Feature extraction
The target
-
DictVectorizer is used to realize the numerical and discrete classification features
-
Use CountVectorizer to numerize text features
-
The TfidfVectorizer is used to numerize text features
-
Tell the difference between the two methods of text feature extraction
define
Feature extraction is the conversion of arbitrary data, such as text or images, into digital features that can be used for machine learning
Note: The eigenvalue is for the computer to understand the data better
-
Dictionary feature Extraction (Feature discretization)
-
Text feature extraction
-
Image Feature Extraction (Deep learning)
Feature extraction API
sklearn.feature_extraction
Dictionary feature extraction
Function: Eigenize dictionary data
- Sklearn. Feature_extraction. DictVectorizer (sparse = True,…).
- DictVectorizer. Fit_transform (X) X: dictionary or iterator containing a dictionary. Return value: Sparse matrix
- DictVectorizer. Inverse_transform (X) X: array Array or Sparse matrix Return value: Data format before conversion
- Dictvectorizer.get_feature_names () returns the category name
application
Feature extraction is carried out on the following data
data = [{'city': 'Beijing'.'temperature': 100}, {'city': 'Shanghai'.'temperature': 60}, {'city': 'shenzhen'.'temperature': 30}]
Copy the code
Process analysis
-
Instantiate the class DictVectorizer
-
Call the fit_transform method to input the data and transform it (note the return format)
def dict_demo() :
""" Dictionary eigenvalue extraction :return: """

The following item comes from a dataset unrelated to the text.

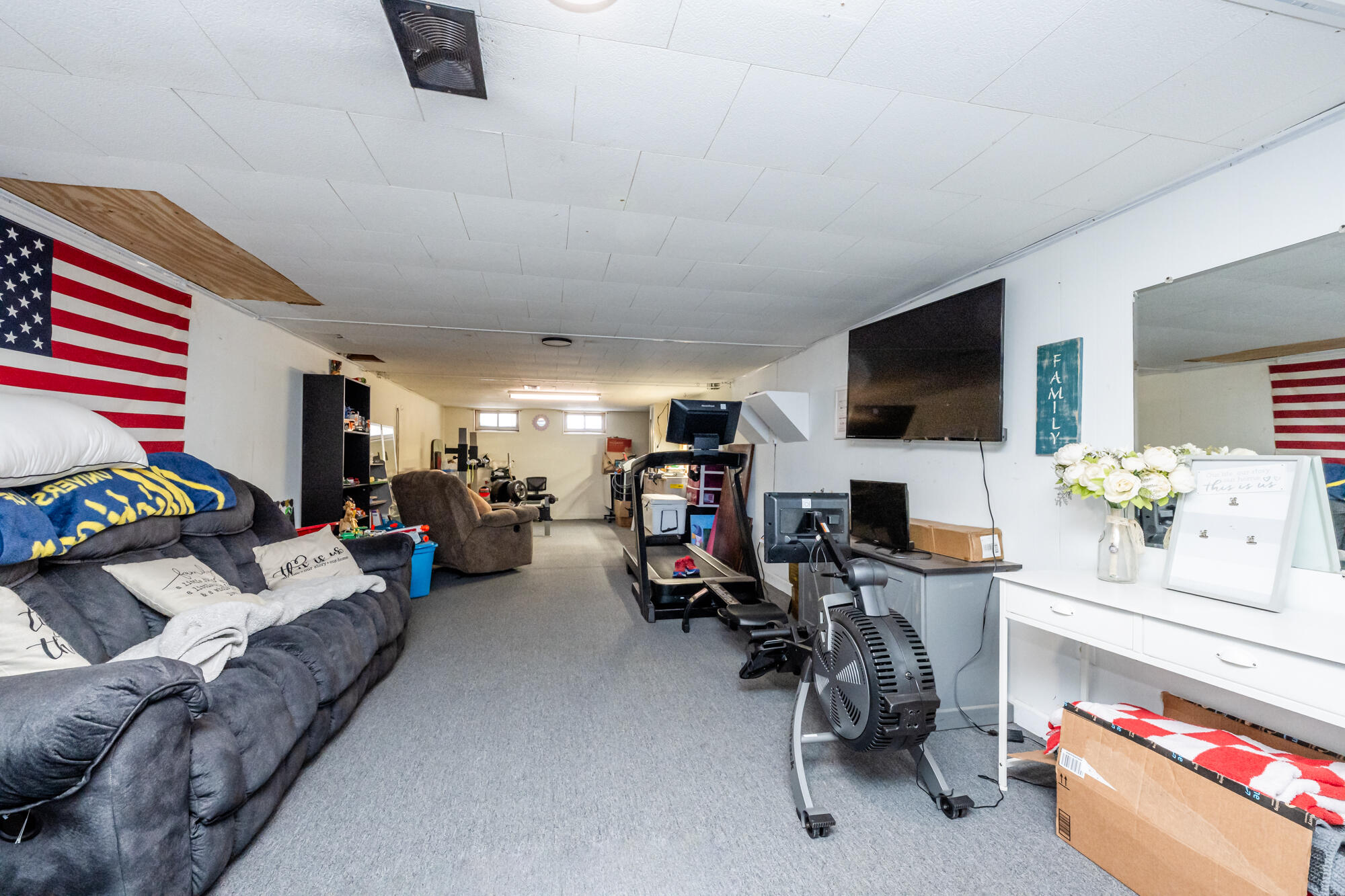 205 Jamesway Benton Harbor, MI 49022 - Photo 25 of 31 Jamesway-125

data = [{'city': 'Beijing'.'temperature': 100}, {'city': 'Shanghai'.'temperature': 60}, {'city': 'shenzhen'.'temperature': 30}]
# 1. Instantiate a converter that returns a sparse matrix by default to represent non-zero values in position to save memory and improve load efficiency
transfer = DictVectorizer(sparse=False)
# Application scenario: more category eigenvalues in the data set; Attribute the data set to the dictionary type; DictVectorizer transformation; I got the dictionary
# 2. Call fit_transform()
data_new = transfer.fit_transform(data)
print("data_new:\n", data_new)
print("Feature name :\n", transfer.get_feature_names())
return None
Copy the code
Notice the result without the sparse=False parameter
This result is not what you want to see, so add parameters to get the desired result, and here the data processing technique is called “one-hot” code.
conclusion
One-hot coding will be performed for features with category information
Text feature extraction
Function: Carries on the characteristic value to the text data
-
sklearn.feature_extraction.text.CountVectorizer(stop_words=[])

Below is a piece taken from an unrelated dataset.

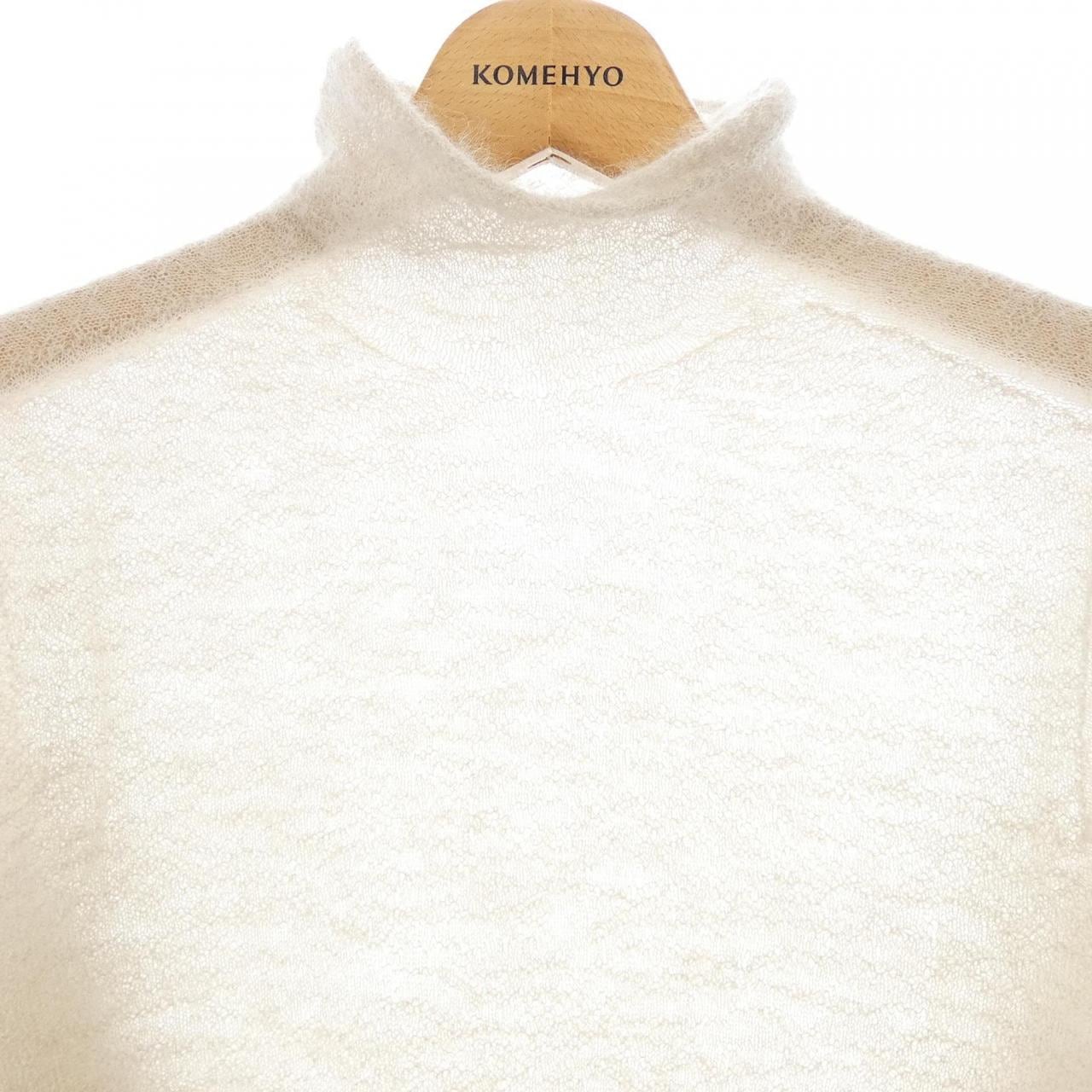 イエナ IENA 24-080-900-4910-4-0 トップス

- Returns the word frequency matrix
-
Countvectorizer.fit_transform (X) X: text or iterable containing a text string. Returned value: Sparse matrix
-
CountVectorizer. Inverse_transform (X) X: Array Array or Sparse matrix Returned value: Data lattice before conversion
-
Countvectorizer.get_feature_names () Returns a value: list of words
-
sklearn.feature_extraction.text.TfidfVectorizer
application
Feature extraction is carried out on the following data
data = ["life is short, i like python"."life is too long i dislike python"]
Copy the code
Process analysis
-
Instantiate CountVectorizer
-
The fit_transform method is called to input data and transform it (note the return format: ToArray () is used to transform an array array with sparse matrix).
def count_demo() :
""" Text eigenvalue extraction :return: """
data = ["life is short, i like python"."life is too long i dislike python"]
# 1. Instantiate a converter class
transfer = CountVectorizer()
# Demo stop words
# transfer = CountVectorizer(stop_words=["is", "too"])
data_new = transfer.fit_transform(data)
print("data_new:\n", data_new.toarray())
print("Feature name :\n", transfer.get_feature_names())
# 2, call fit_transform
return None
Copy the code
Q: What if we replace the data with Chinese?
Find English is separated by Spaces by default. In fact, a word segmentation effect has been achieved, so we need to carry out word segmentation for Chinese
The following code requires that the text be whitespace ahead of time
def count_chinese_demo() :
""" Chinese text eigenvalue extraction :return: """
data = ["I love Tian 'anmen Square in Beijing"."The sun rises over Tian 'anmen."]
data2 = ["I love Tian 'anmen Square in Beijing"."The sun rises over Tian 'anmen."]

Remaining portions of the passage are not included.